Published: 24 April 2012



The financial burden of medical expenses has been increasing for cancer patients. We investigated the relationship between household income and financial burden among patients with chronic myelogenous leukaemia (CML) who have been treated with imatinib.


A questionnaire was distributed to 1200 patients between May and August 2009. We retrospectively surveyed their household incomes, out-of-pocket medical expenses, final co-payments after refunds, and the perceived financial burden of their medical expenses in 2000, 2005 and 2008.

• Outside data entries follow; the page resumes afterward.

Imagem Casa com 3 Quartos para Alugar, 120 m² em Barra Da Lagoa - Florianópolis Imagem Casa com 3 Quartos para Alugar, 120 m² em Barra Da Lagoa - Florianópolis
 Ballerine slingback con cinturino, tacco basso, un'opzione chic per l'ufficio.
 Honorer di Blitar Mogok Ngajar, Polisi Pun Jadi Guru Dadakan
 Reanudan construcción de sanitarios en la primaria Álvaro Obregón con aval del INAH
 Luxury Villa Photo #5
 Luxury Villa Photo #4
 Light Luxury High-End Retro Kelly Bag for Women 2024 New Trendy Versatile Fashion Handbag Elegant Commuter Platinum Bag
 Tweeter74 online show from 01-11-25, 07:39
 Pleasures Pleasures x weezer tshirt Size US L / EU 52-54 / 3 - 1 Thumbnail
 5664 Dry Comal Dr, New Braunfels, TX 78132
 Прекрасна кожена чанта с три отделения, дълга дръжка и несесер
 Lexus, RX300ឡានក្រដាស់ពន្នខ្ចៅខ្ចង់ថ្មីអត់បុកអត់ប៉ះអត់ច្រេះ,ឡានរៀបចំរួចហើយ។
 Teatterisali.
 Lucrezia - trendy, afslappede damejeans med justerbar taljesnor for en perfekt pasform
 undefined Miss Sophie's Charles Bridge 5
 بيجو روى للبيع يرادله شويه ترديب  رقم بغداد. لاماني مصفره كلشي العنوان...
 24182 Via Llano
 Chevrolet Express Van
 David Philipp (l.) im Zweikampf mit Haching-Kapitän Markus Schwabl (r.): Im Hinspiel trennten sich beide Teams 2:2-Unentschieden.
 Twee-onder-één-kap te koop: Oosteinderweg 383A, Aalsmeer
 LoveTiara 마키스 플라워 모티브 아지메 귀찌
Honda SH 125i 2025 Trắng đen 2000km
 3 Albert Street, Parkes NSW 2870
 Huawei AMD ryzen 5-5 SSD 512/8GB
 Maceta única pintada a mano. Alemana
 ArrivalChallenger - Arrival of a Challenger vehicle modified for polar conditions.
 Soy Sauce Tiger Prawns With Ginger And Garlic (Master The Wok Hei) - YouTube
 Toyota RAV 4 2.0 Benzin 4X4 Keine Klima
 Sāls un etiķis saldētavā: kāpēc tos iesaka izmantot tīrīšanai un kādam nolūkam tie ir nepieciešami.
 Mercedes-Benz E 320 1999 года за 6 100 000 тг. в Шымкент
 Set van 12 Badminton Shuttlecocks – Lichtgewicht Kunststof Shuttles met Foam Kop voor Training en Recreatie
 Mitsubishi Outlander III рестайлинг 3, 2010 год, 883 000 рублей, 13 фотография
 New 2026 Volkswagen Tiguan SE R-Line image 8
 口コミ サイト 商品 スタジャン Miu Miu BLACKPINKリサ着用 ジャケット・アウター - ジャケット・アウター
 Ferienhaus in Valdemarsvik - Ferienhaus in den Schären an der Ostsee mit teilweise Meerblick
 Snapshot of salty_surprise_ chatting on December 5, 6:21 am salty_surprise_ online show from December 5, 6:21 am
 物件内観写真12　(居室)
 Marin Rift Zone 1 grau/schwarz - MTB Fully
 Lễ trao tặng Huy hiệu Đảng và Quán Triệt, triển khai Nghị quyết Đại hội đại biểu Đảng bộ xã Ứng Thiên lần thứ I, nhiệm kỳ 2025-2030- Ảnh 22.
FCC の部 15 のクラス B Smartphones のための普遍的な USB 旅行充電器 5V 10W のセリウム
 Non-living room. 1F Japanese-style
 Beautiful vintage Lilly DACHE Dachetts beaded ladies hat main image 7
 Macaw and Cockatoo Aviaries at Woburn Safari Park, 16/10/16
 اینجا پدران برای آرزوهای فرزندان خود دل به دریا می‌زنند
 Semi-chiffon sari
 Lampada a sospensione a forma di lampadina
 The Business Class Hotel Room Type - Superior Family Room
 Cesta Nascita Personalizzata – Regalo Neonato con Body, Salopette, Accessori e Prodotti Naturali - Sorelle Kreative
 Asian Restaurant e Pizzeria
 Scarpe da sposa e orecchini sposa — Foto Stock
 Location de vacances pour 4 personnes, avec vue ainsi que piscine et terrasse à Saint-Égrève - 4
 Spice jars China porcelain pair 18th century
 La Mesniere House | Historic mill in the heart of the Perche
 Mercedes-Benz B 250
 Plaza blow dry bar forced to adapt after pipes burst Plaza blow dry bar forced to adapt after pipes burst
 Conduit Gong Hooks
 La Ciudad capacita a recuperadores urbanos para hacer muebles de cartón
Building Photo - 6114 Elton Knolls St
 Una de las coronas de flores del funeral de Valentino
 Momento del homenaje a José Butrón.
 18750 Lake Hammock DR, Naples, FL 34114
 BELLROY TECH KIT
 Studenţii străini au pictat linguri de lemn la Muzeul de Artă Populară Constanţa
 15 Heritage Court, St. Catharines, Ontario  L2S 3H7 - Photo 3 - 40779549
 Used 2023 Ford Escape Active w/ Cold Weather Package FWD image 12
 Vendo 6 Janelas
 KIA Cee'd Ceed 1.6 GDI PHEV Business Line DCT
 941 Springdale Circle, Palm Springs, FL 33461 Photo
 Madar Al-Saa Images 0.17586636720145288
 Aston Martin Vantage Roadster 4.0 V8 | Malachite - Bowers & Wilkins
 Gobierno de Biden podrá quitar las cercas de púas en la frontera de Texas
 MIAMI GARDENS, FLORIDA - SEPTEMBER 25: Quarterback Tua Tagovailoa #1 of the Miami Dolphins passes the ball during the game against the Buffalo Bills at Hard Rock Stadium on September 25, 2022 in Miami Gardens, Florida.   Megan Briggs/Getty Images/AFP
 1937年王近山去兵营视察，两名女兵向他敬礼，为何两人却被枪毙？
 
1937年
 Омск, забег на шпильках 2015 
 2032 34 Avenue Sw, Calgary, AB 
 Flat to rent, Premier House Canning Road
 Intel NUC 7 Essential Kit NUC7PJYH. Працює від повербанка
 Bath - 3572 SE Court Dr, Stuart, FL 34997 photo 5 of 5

A total of 577 patients completed the questionnaire. Their median age was 61 years (range, 15–94). A financial burden was felt by 41.2 % (28 of 68) of the patients treated with imatinib in 2000, 70.8 % (201 of 284) in 2005, and 75.8 % (400 of 528) in 2008. Overall, 182 patients (31.7 %) considered its discontinuation because of the financial burden and 15 (2.6 %) temporarily stopped their imatinib prescription. In 2000, 2005 and 2008, the patients’ median annual household incomes were 49,615 US Dollars (USD), 38,510 USD and 36,731 USD, respectively, with an average currency exchange rate of 104 Yen/USD in 2008. Their median annual out-of-pocket expenses were 11,548, 12,067 and 11,538 USD and their median final annual co-payments were 4,375, 4,327 and 3,558 USD, respectively. Older patients (OR = 0.96, 95 % CI: 0.95–0.98, p ≪ 0.0001 for 1-year increments), and patients with higher household incomes (OR = 0.92, 95 % CI: 0.85–0.99, p = 0.03 for 10,000 USD-increments) were less likely to have considered discontinuing their imatinib treatment. Conversely, patients with higher annual final co-payments (OR = 2.21, 95 % CI: 1.28–4.28, p = 0.004 for 10,000 USD-increments) were more likely to have considered discontinuing their imatinib treatment.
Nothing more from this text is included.